One of the objectives of the US Geoscience Information Network (USGIN) is to establish a community of practice for developing, documenting, adopting, and using standard document encoding for data interchange. The technology for encoding schemes is evolving continuously, and current practice is to use XML encoding with data schema defined by XML schema.

Validation is a software process to verify that a given XML document conforms to some XML schema document. It is easier to write reliable software utilizing XML interchange formats if the schema for the XML documents that are being used is known, and the instance documents being processed validate against that schema. This document provides basic information regarding the protocols and software requirements for schema validation.

What is schema validation? 

An XML schema is a kind of XML document that uses XML syntax to define the structure of other XML documents, which will be referred to as XML instance documents. The basic schema definition consists of a collection of elements (analogous to entities, objects or tables in other data modeling paradigms), each of which has a set of properties. Each property has an associated data type (which might be another XML element), and cardinality that specifies how many instances of a property may be associated with the containing element.  Schema validation is the process of determining if the elements and properties in an XML instance document conform to the definitions in a schema document.  Schema validation provides a layer of quality control and assurance for XML data interchange documents.

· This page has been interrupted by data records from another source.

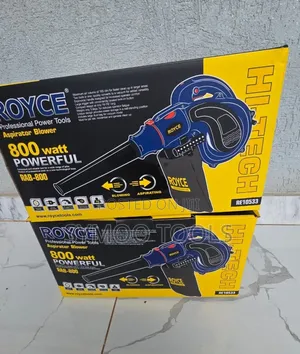 Handheld 2-in-1 Royce 800W Blower
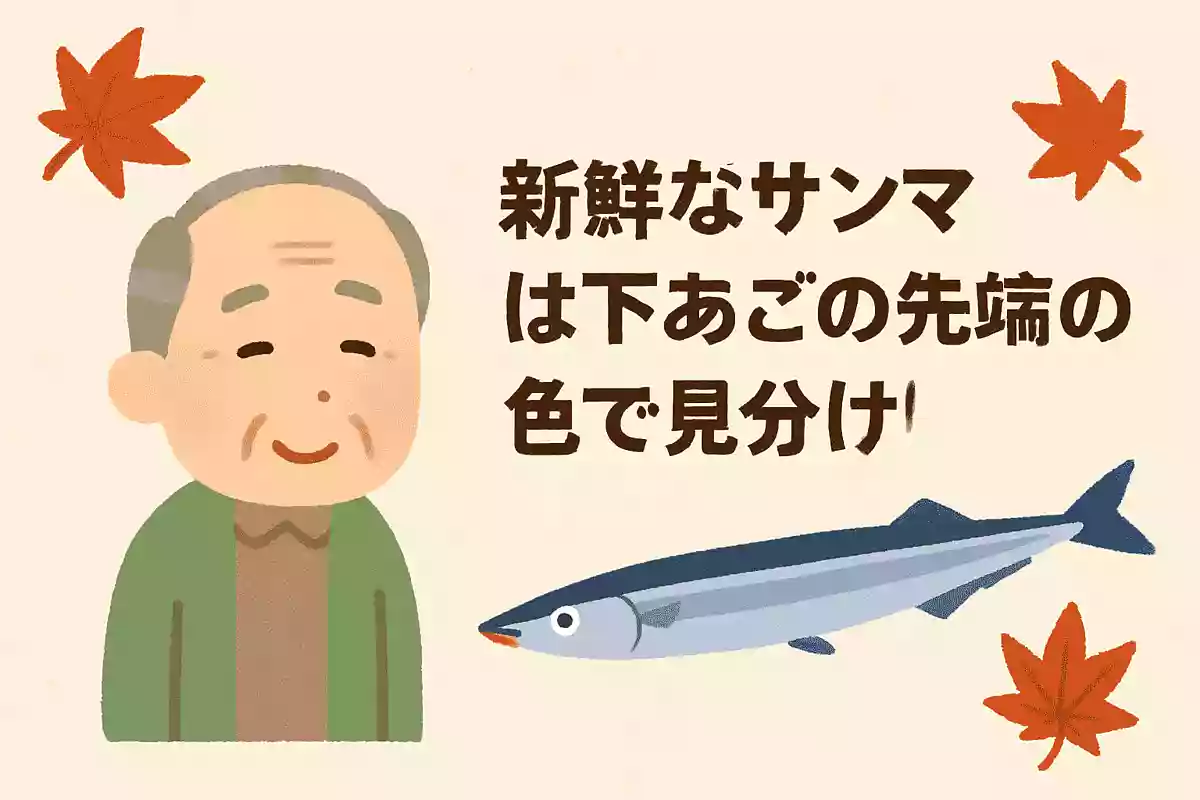 新鮮なサンマは下あごの先端の色で見分けられます。何色が良いとされているでしょうか?NEW!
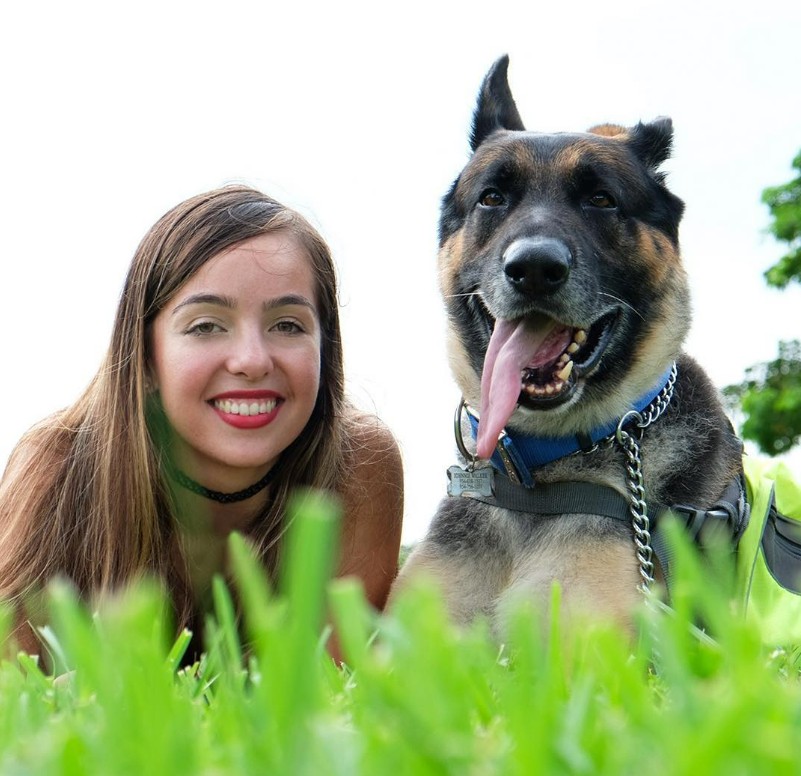 Happy dog during outdoor exercise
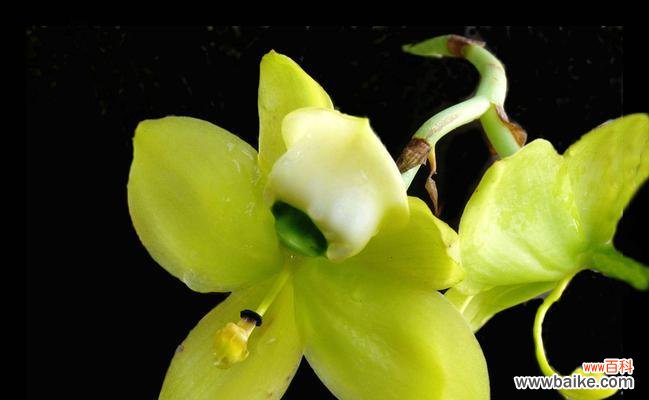 解读白石斛兰花语的含义和传说 白石斛兰花语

Conformance to a schema greatly facilitates writing reliable software that will utilize information contained in the interchange documents.

What is a web service? 

A web service is a web accessible resource that offers some collection of operations invoked using a documented protocol (see the USGIN glossary entry describing web services). This protocol specifies syntax for requesting each operation, including definition of what input parameters are required, what changes will be effected on the server by the operation, and what kind of output will be returned to the client that invokes the operation. An important part of this protocol is the message format used to encode information sent to the server in a request, and to encode information returned by the server. In our example cases here, the message format of particular interest is the XML encoding used to transmit requested data back to the client computer. By using standardized requests and responses, client software can make requests for data regardless of server configuration.  The service defines an interface a client uses to interact with a server; this interface decouples the client and server, allowing the two systems to develop independently without having to re-engineer their interaction.

This tutorial focuses on XML data interchange documents that are returned by Open Geospatial Consortium web feature services (WFS), which are currently used by USGIN and the State Geothermal Data project for data exchange.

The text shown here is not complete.